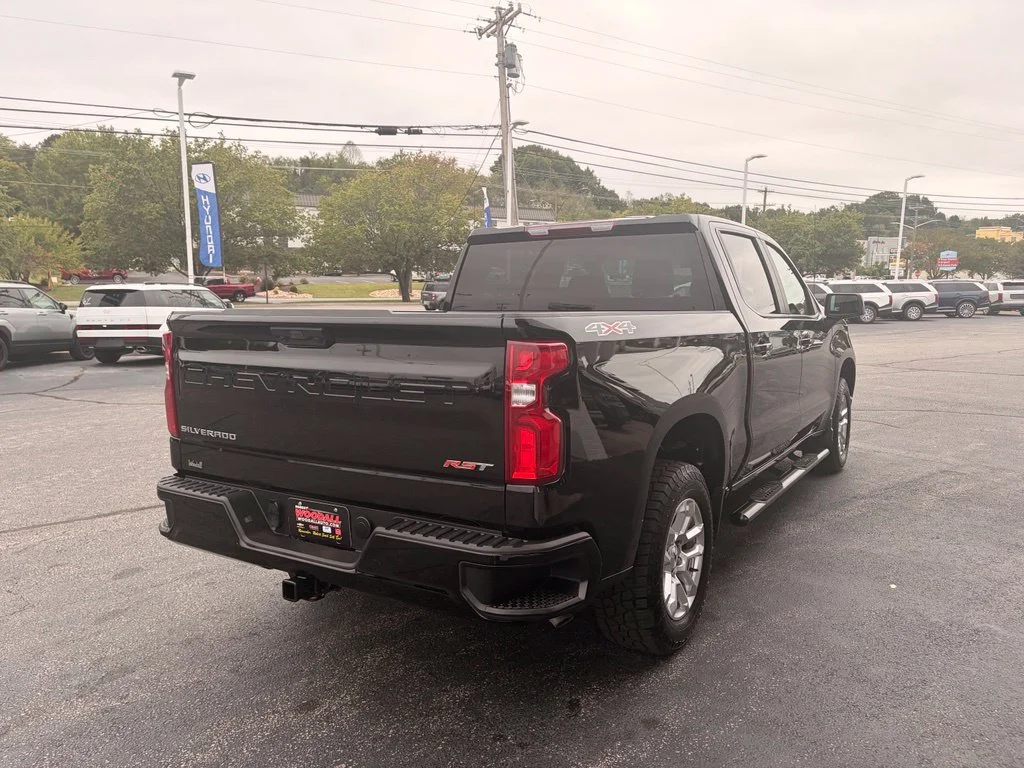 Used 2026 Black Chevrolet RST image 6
* * *
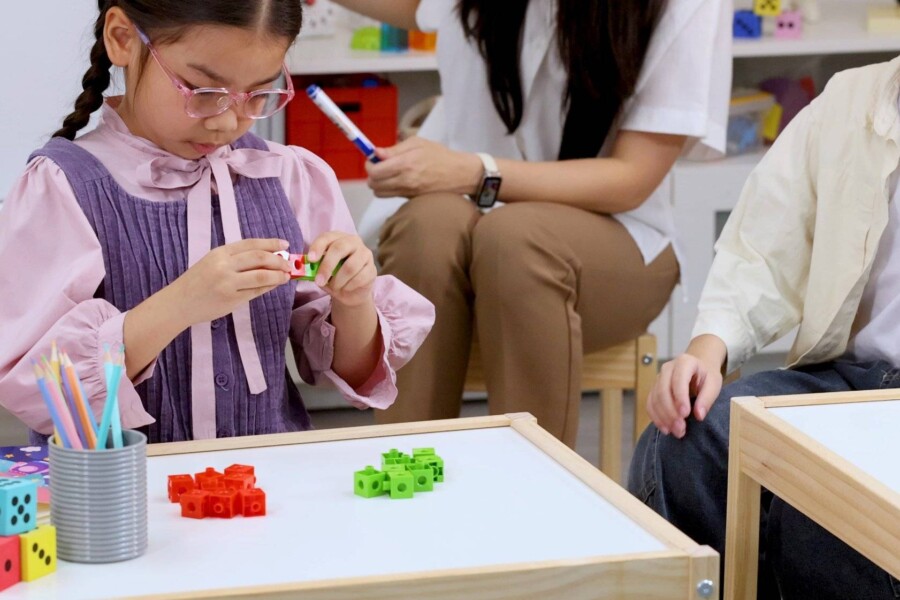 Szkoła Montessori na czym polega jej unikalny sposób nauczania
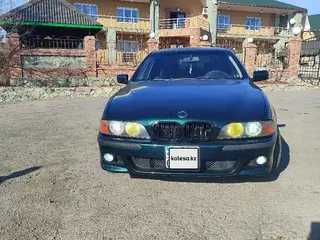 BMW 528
---
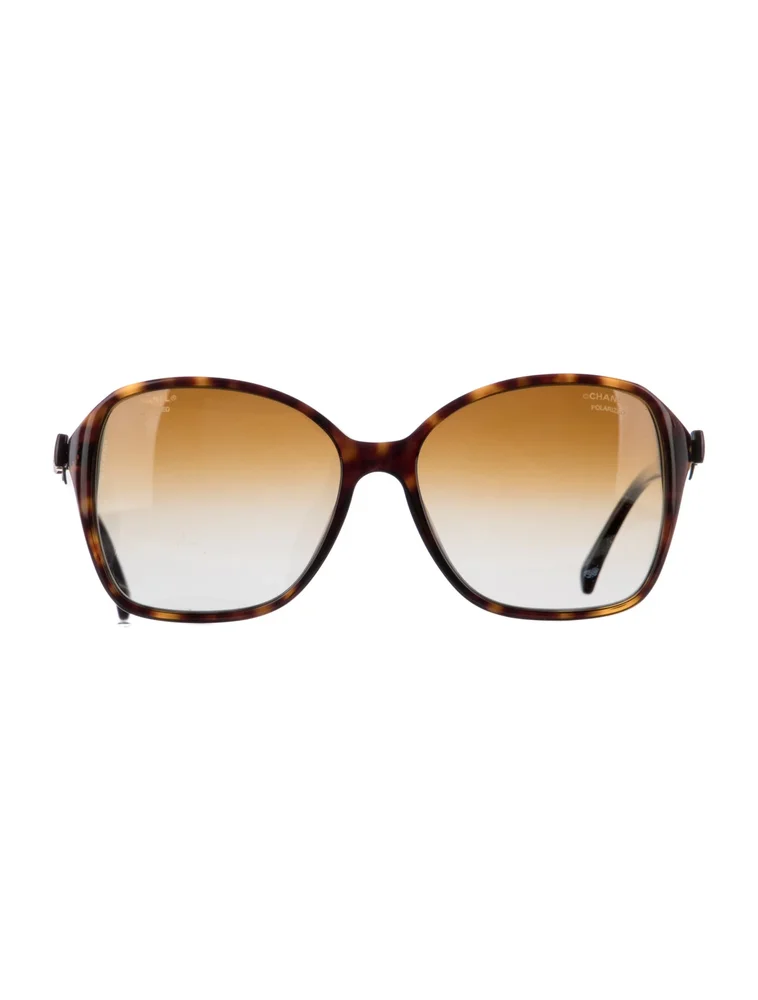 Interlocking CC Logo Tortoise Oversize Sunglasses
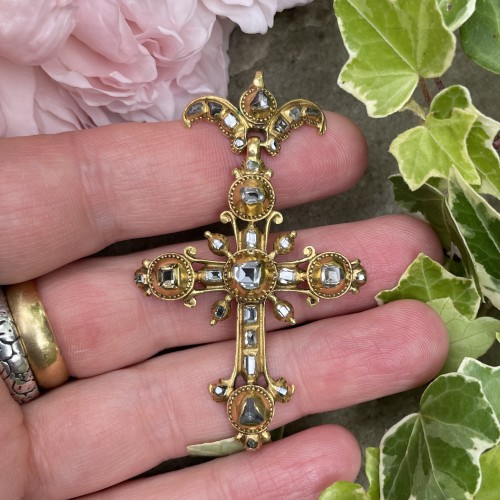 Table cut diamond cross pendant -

- [Exercise description] Once the line with "Interlocking CC Logo" is found above, transcribe each line from it through the line with "Table cut diamond", exactly, and omit the pictures.

- [Response area]
 Interlocking CC Logo Tortoise Oversize Sunglasses
 Table cut diamond cross pendant -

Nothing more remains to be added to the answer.